Stefanie Stallschus - Gombrich / Luhmann // Fortschritt / Evolution | ||
Das Ansinnen Luhmanns, nämlich von einer Evolution des Kunstsystems
auszugehen, stellt die Kunstgeschichte sicherlich vor größere
Herausforderungen in der Akzeptanz als Gombrichs Ausführungen. Definiert
doch die Kunstgeschichte im allgemeinen ihre Aufgabe als eine Rekonstruktion
der Tradition im Sinne der Abhängigkeits- und Gegensatzbeziehungen,
die einzelne Kunstwerke untereinander verbinden. Wenn es aber um die Ergründung
des Problems geht, wie es zu einem Stilwandel kommt, wenn der weiter ausholende
Kontext der Geschichte gefragt ist im Sinne einer Beziehung zwischen künstlerischen
Erscheinungen und politischen, sozialen, u.ä. Phänomenen, dann
weist der/die Kunsthistoriker/in in der Regel eine Zuständigkeit weit
von sich, um nicht in die Falle einer "expressionistischen" Interpretation
der künstlerischen Entwicklung zu geraten. Womöglich läßt
das Konzept von Evolution, nämlich daß Entwicklung durch Mutation
und Selektion vorangetrieben sei, zwangsläufig das Ideal des autonomen
Künstlers fragwürdig erscheinen, was - in gewiß kleinerer
Dimension - einer kopernikanischen Kränkung gleichkommt.

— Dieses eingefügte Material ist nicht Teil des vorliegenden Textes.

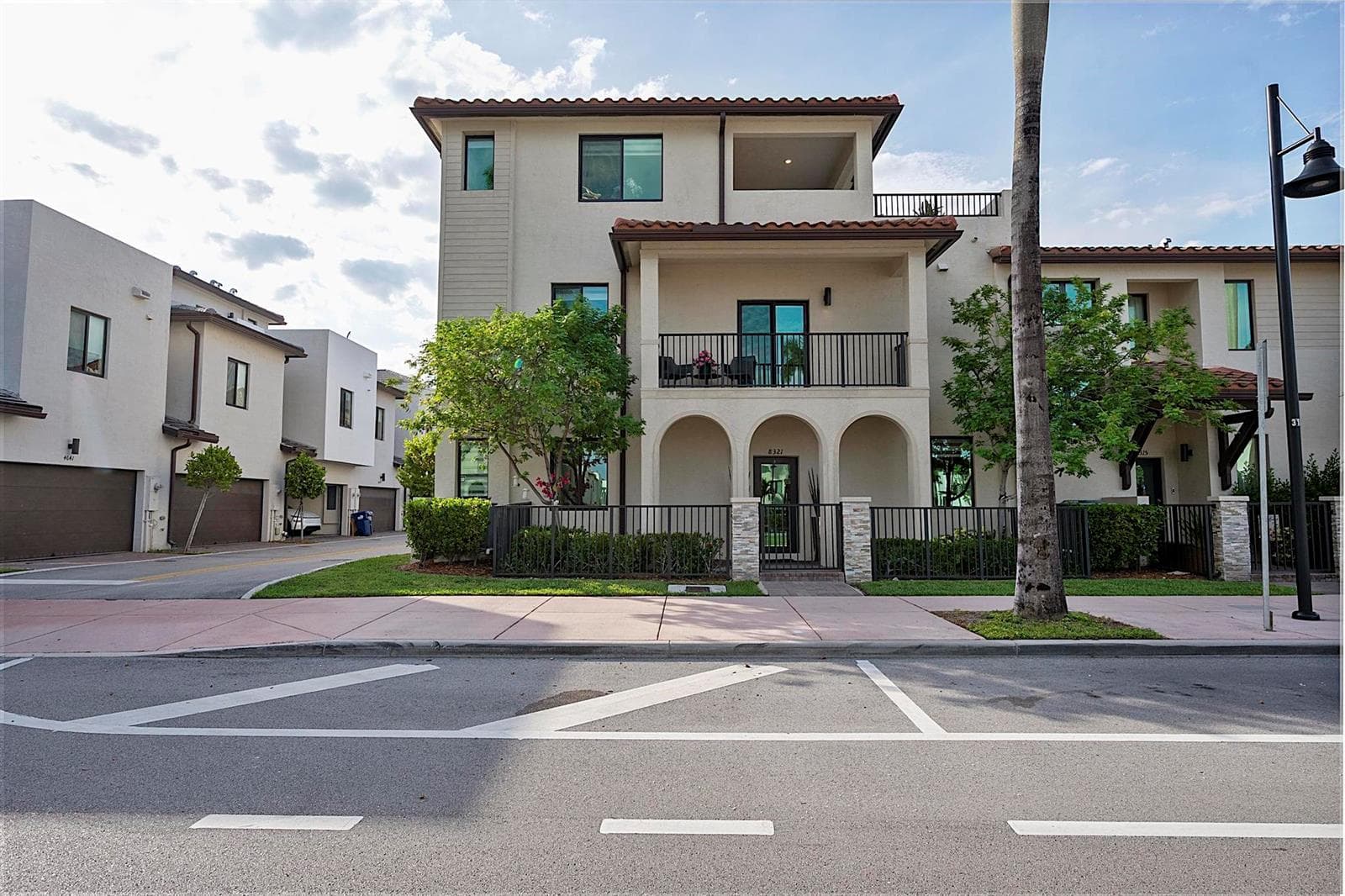 8321 Central Park Boulevard, Doral FL 33166 — 7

Gombrich beginnt mit einer der einfachsten Vorstellungen von Fortschritt,
die für die Beurteilung einer Reihe von Kunstwerken einen Zweck veranschlagt,
den eine Darstellung immer besser als die letzte erfüllen sollte.
Das Prinzip einer fortschreitenden Entwicklung ist seit der Antike geläufig,
wo es erstmals von dem griechischen Schriftsteller Duris von Samos formuliert
wurde und heute in römischer Überlieferung noch erhalten ist.
Die Reihe griechischer Plastik läßt sich dann als ein Diagramm
lesen, das eine Bewegung dokumentiert von der harten, archaischen Plastik
über die angemessene Proportion und das Hinzufügen von Grazie
zur unübertroffenen Naturnachahmung.